# Picked up a panosonic zx1000 ?



## bribrius (Dec 4, 2018)

What can i expect?


----------



## Jeff15 (Dec 4, 2018)

Excellent little camera.........


----------



## bribrius (Dec 5, 2018)

Yuh. I'm broke but i needed this. My other bridge died..  So sad. I think it needs a memorial service.


----------



## bribrius (Dec 5, 2018)

Jeff15 said:


> Excellent little camera.........


I am going to like this. Not exactly as slutty as i would like, i will miss the longer zoom for a street/walk around but it seems to have some fun in it. And in dim light i guess the longer zoom wasnt much good anyway. The zoom on this kinda slow but.. What to do?  Menu has plenty of options. Like having it on the button to flip things quick without going through the menu which it has least some (and helps). Haven't quite figured it out? Lot different than nikon. I like the nikon dial better this doesnt have the clear stand out letters p,m,a, etc for changing them quick, kinda have to look closer. Learning curve. The body and buttons is kinda cheap like made, but i guess for the price...


----------



## ac12 (Dec 5, 2018)

bribrius said:


> Yuh. I'm broke but i needed this. My other bridge died..  So sad. I think it needs a memorial service.View attachment 166592



You are BROKE, and in three posts in 2 minutes, you state that you bought FOUR cameras ???
- Two Sony A6000
- A Panasonic ZX1000
- A Fuji T20


----------



## bribrius (Dec 6, 2018)

ac12 said:


> bribrius said:
> 
> 
> > Yuh. I'm broke but i needed this. My other bridge died..  So sad. I think it needs a memorial service.View attachment 166592
> ...


Why i am broke.
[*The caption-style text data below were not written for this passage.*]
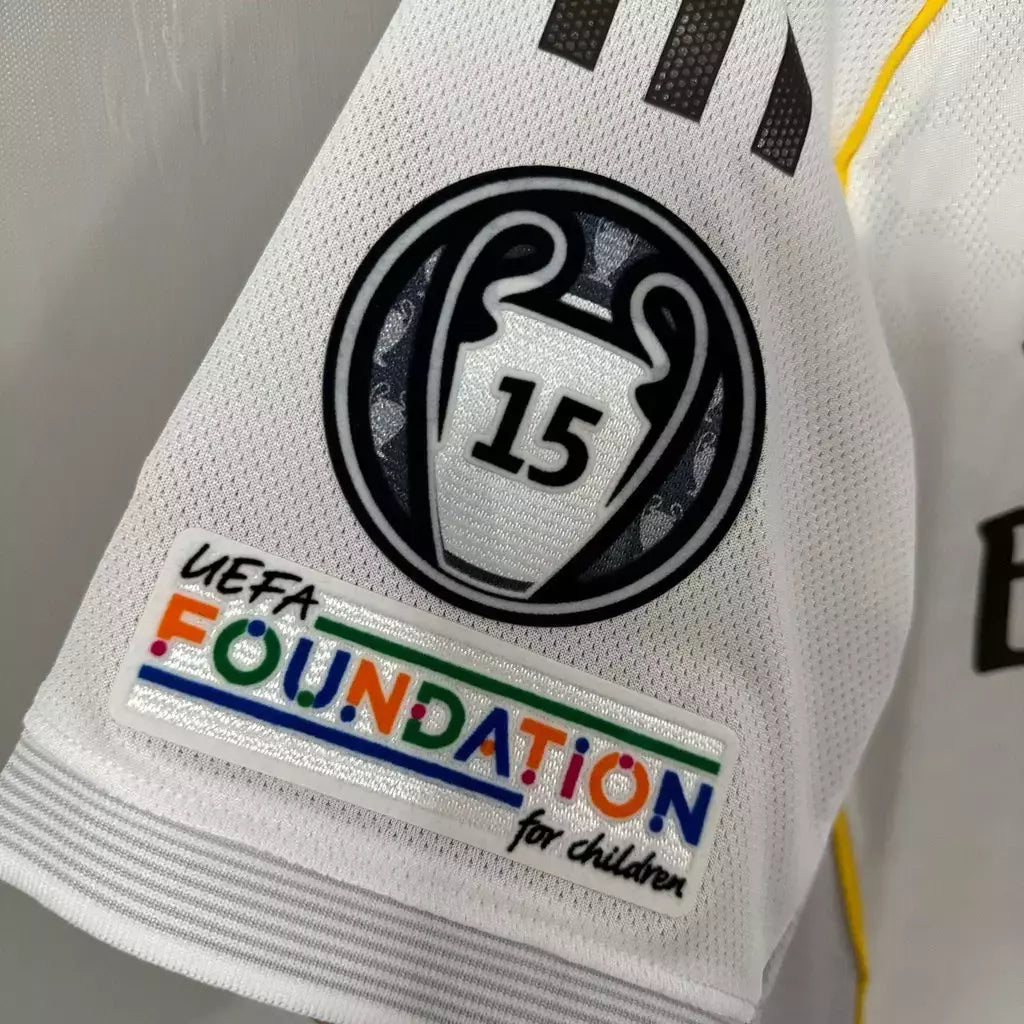 BAJO ENCARGO REAL MADRID LOCAL 2025 VERSION JUGADOR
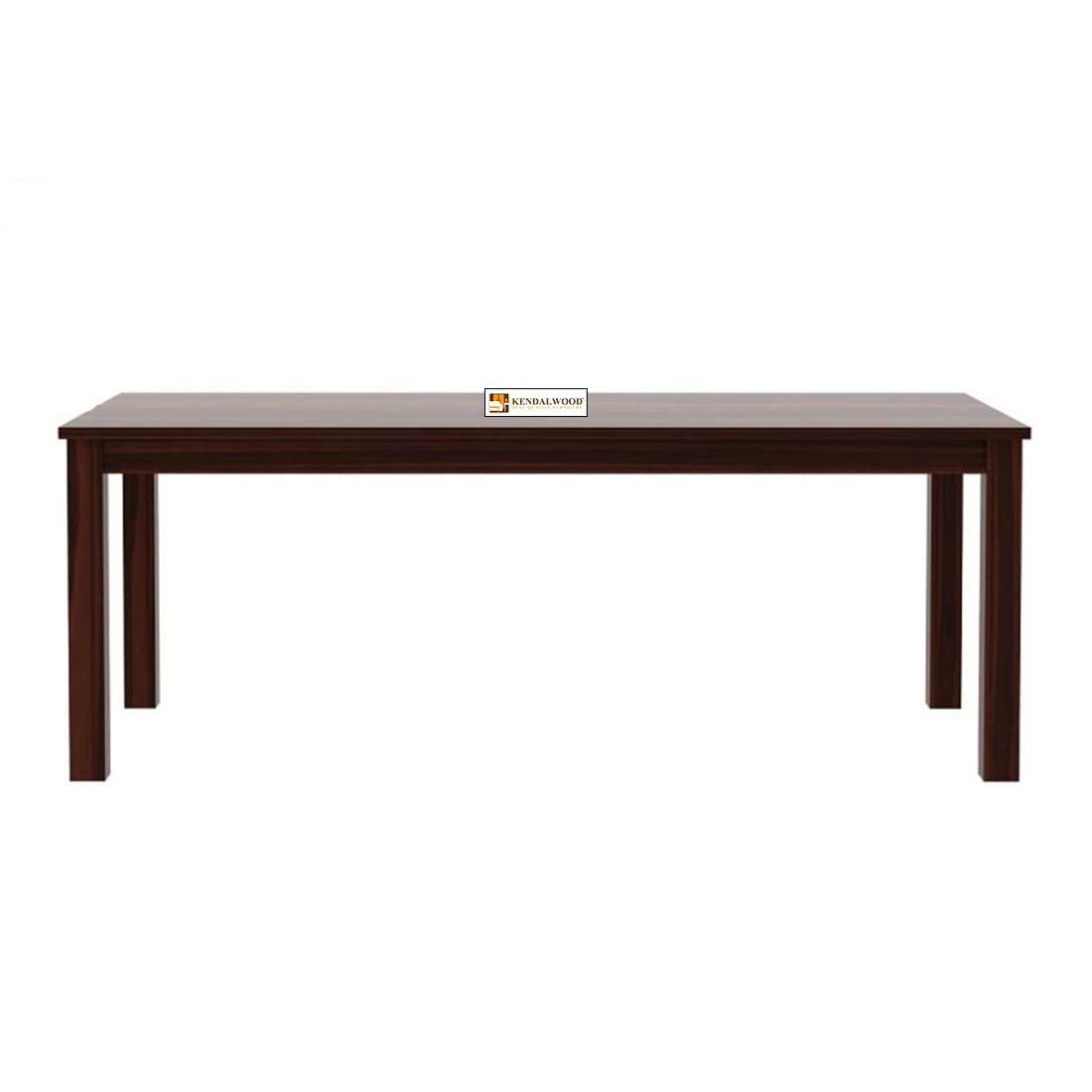 Sheesham Wood Dining Table with 8 Chairs | 8 Seater Dining Set | Wooden Dining Table with Chair - Dining Room Furniture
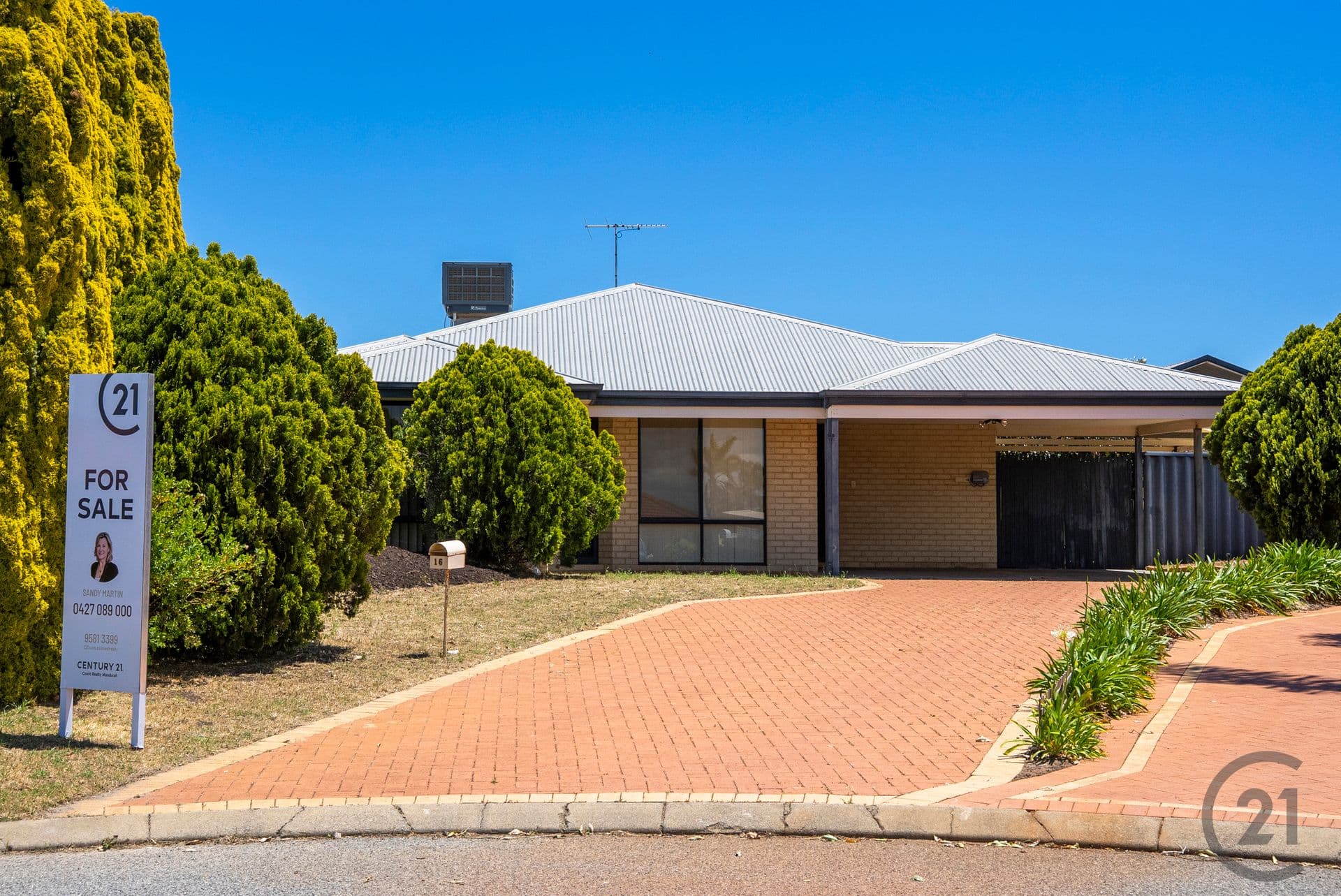 16 Grevillea Rise, Halls Head, WA, 6210, Halls Head - Image 1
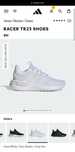 Кроссовки Adidas Racer TR23 (размер39-40)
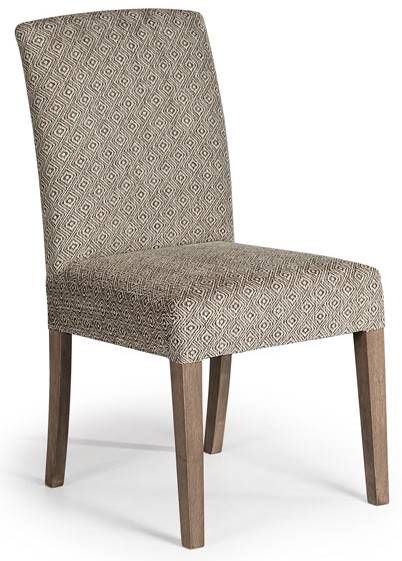 Best® Home Furnishings Myer Riverloom Dining Room Chair 1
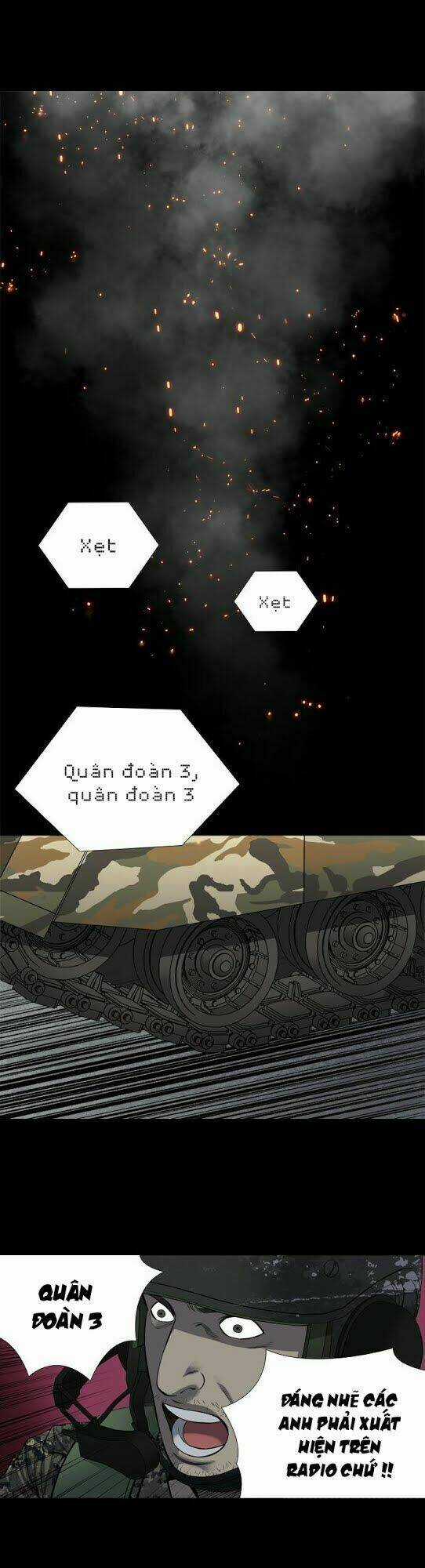 THẢM HỌA ONG ĐỘC - Chapter 219 - Trang 28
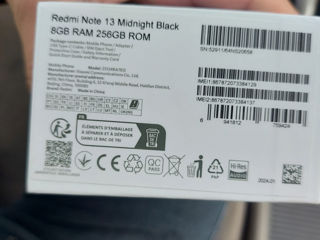 Продам Redmi Note 13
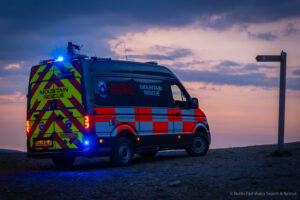 A Successful Collaboration with North East Wales SAR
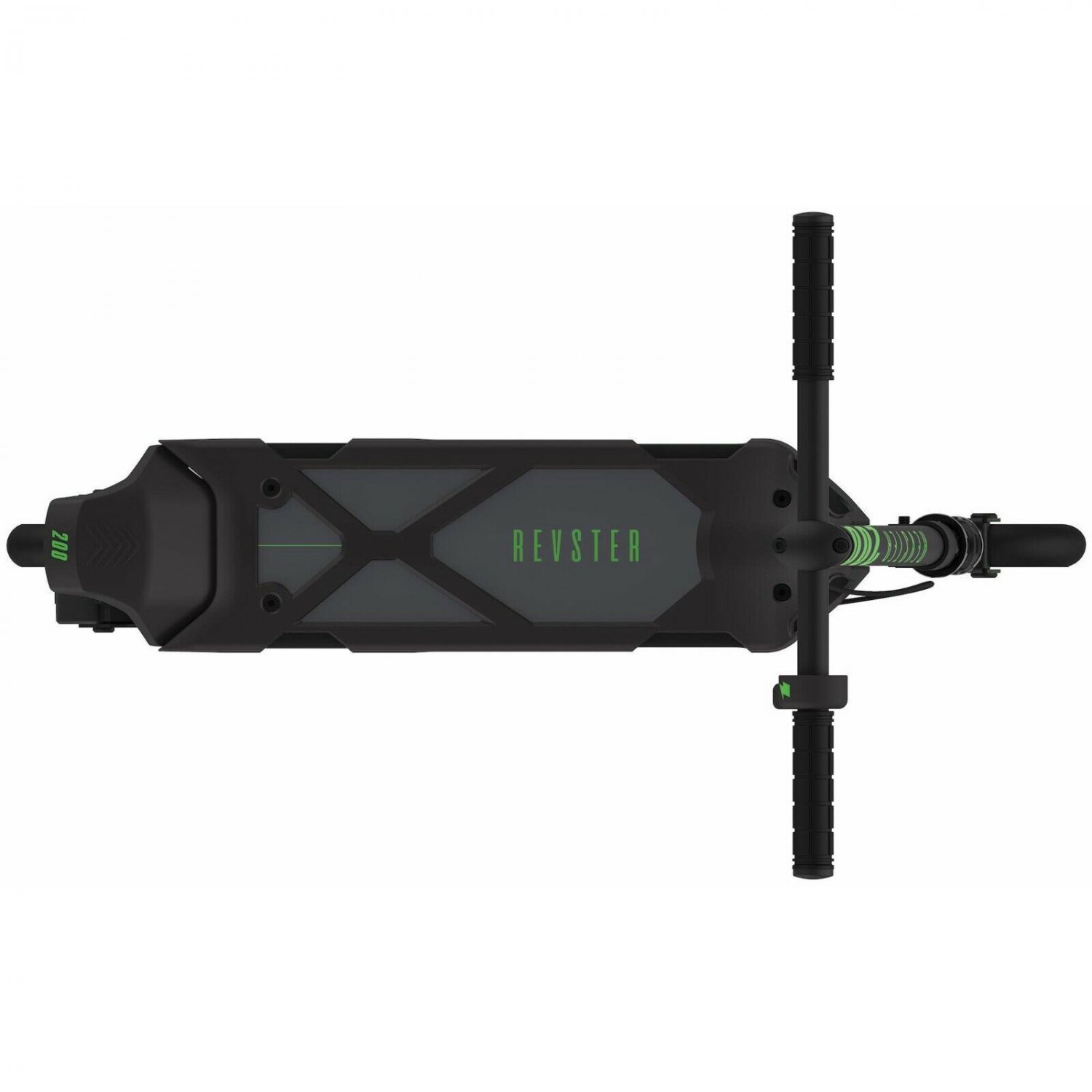 Kid's Revster 200 Electric Scooter, Up to 70 Minutes Run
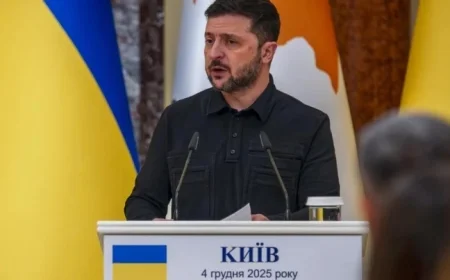 Europe Alarmed by Trump’s ‘Betrayal’ of Ukraine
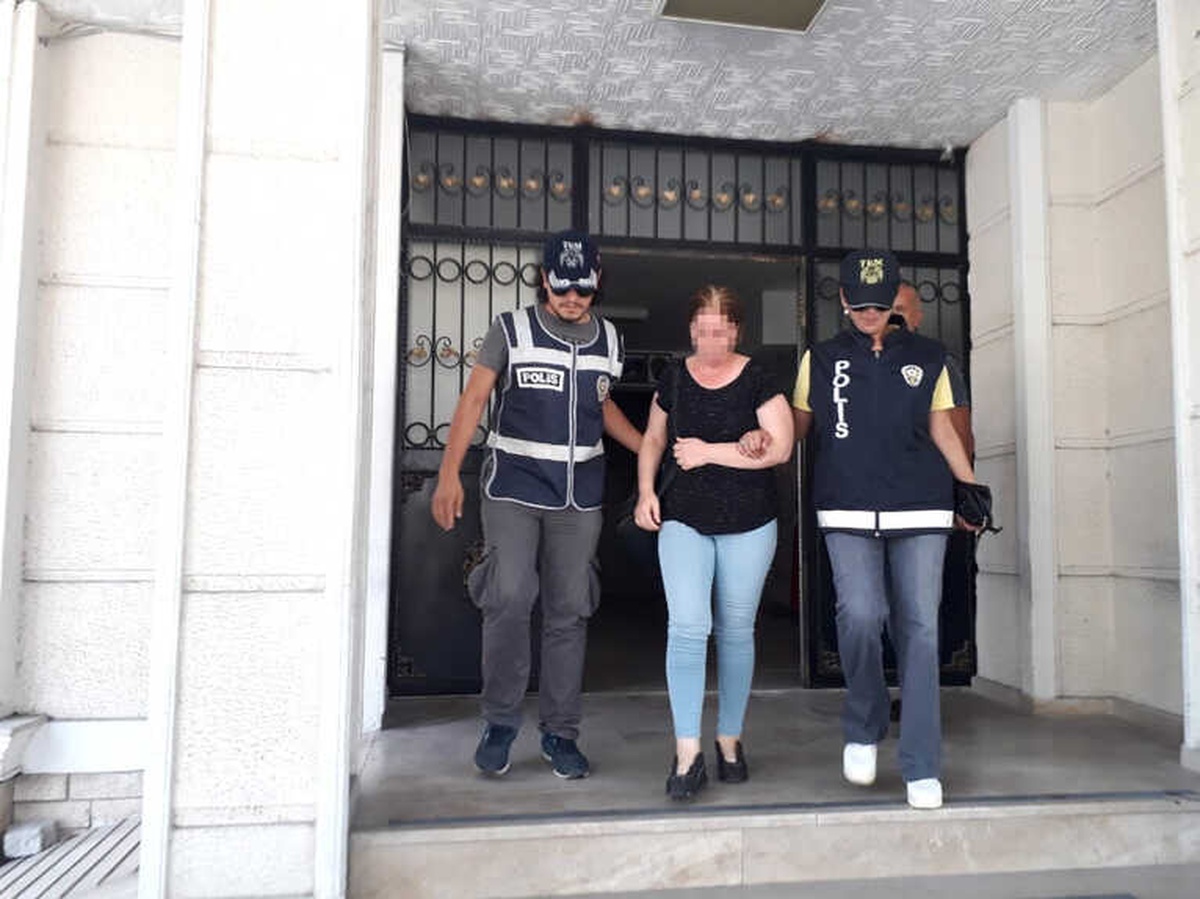 PKK Üyesi Yurt Dışına Kaçmak İsterken Yakalandı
At least one or two are xmas presents


----------



## Fujidave (Dec 6, 2018)

Enjoy using your cameras.


----------



## bribrius (Dec 6, 2018)

Fujidave said:


> Enjoy using your cameras.


Couple will be gifts. Others are replacements..  7100 , bridge replacements.
I dont buy cameras often i go a few years or longer then try to buy things that are older models so i dont take the depreciation hit as much, i guess??
Recently picked up a nikon 7200 and d800. Obviously older models. Add the fuji and 1000 (older models) i go for clearances or lightly used. Then i wont buy another camera for years again unless something breaks. The bridge i am replacing is least 6 years old and, no worky.  I'll buy a d850 in like 4 or 5 years open box special or left over demo..


----------



## Solarflare (Dec 17, 2018)

Thats a compact camera, not a mirrorless camera.

Mirrorless stands for system cameras (exchangeable lenses) with an EVF (well sometimes even only with a monitor on the back).


----------